-- Task goal --
Your output should consist solely of the lines from the one holding "Blauw Baby shower" to the end of the records below, inclusive, reproduced exactly and free of pictures.

-- Records for this exercise --
------

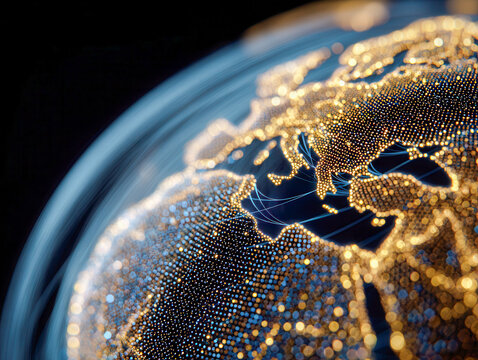 Digital globe visualization with illuminated connections highlighting Europe and surrounding regions in a futuristic network representing global communication and technol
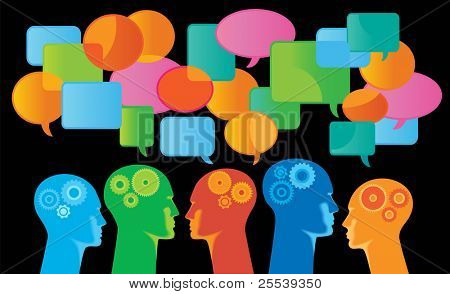 Picture or Photo of Teamwork-people.communication in a team.Team discussion.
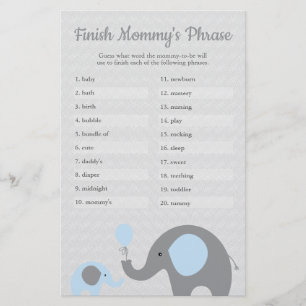 Blauw Baby shower met olifant Voltooi de zin van m Flyer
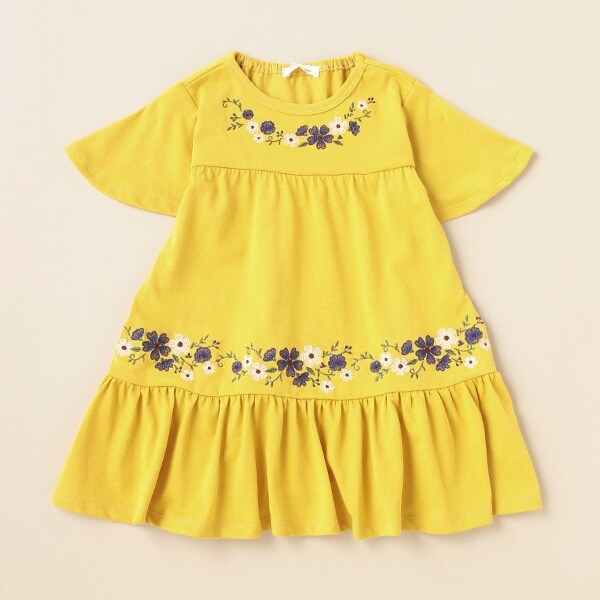 刺しゅうティアードワンピース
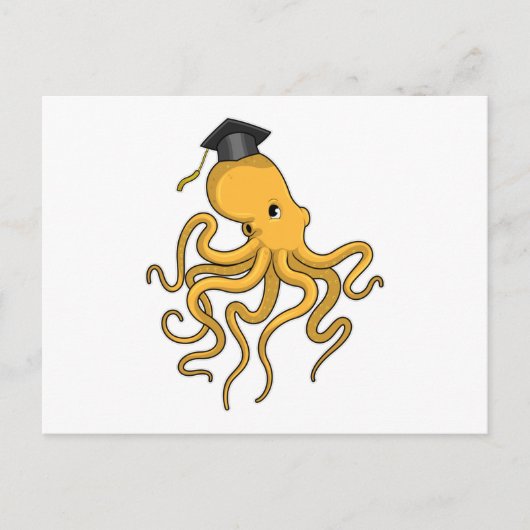 Octopus as Student with Diploma Briefkaart (Voorkant)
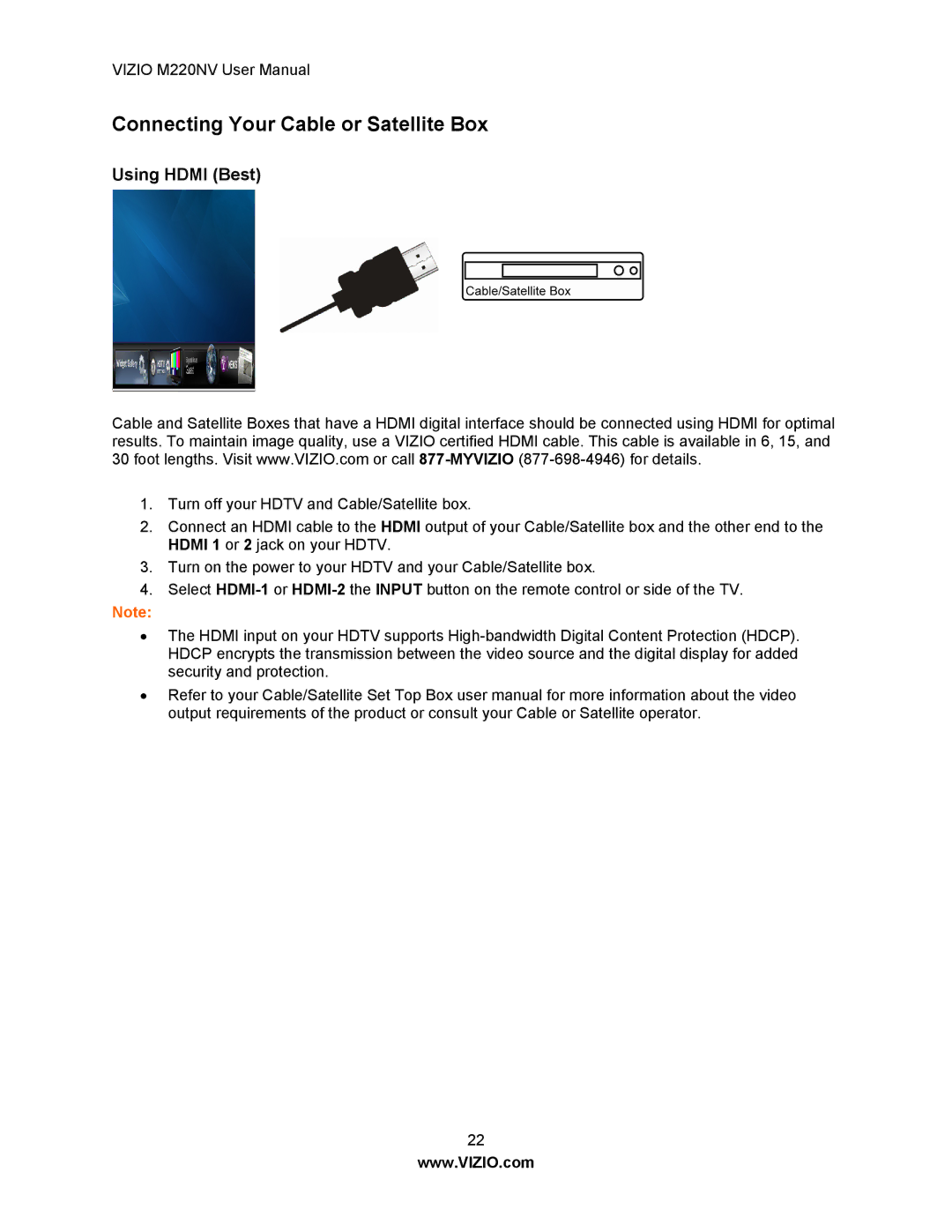 Vizio M220NV user manual Connecting Your Cable or Satellite Box, Using Hdmi Best 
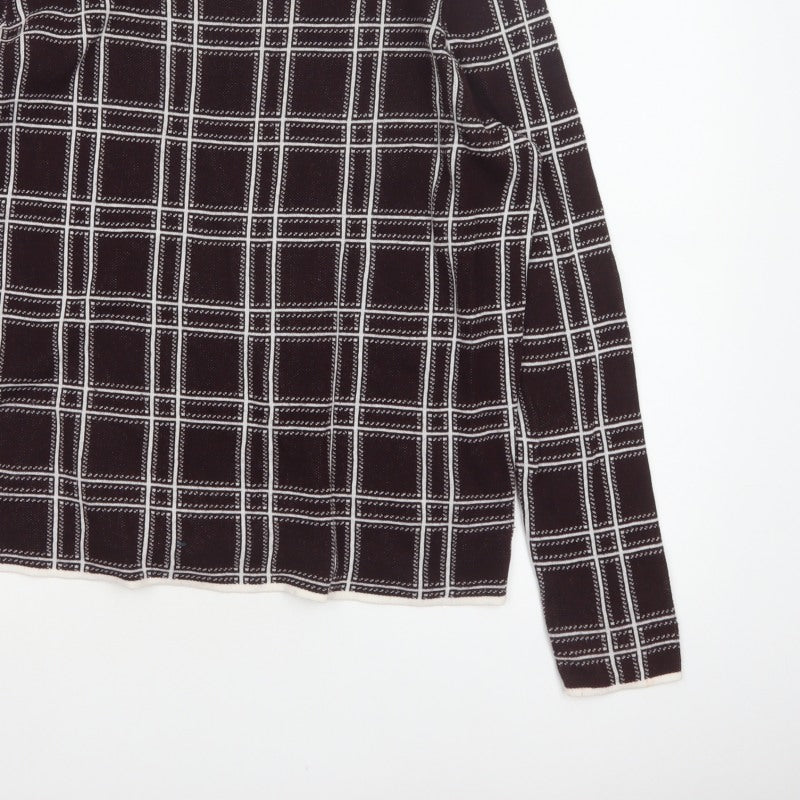 Dorothy Perkins Women’s Brown Check Knit High Neck Jumper UK 14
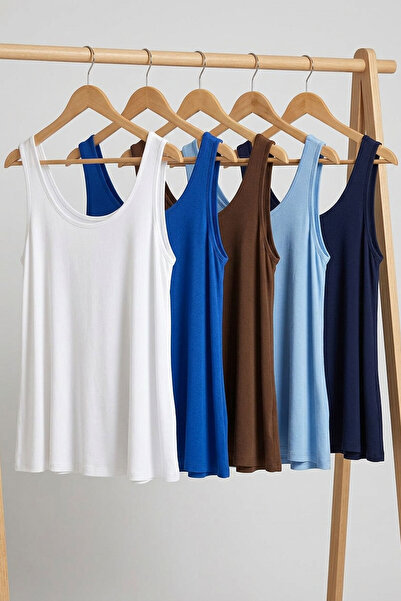 EFFE 5 Pieces Cotton Supreme Combed Cotton Strap Blouse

------

-- Output for this exercise --
 Blauw Baby shower met olifant Voltooi de zin van m Flyer
 刺しゅうティアードワンピース
 Octopus as Student with Diploma Briefkaart (Voorkant)
 Vizio M220NV user manual Connecting Your Cable or Satellite Box, Using Hdmi Best 
 Dorothy Perkins Women’s Brown Check Knit High Neck Jumper UK 14
 EFFE 5 Pieces Cotton Supreme Combed Cotton Strap Blouse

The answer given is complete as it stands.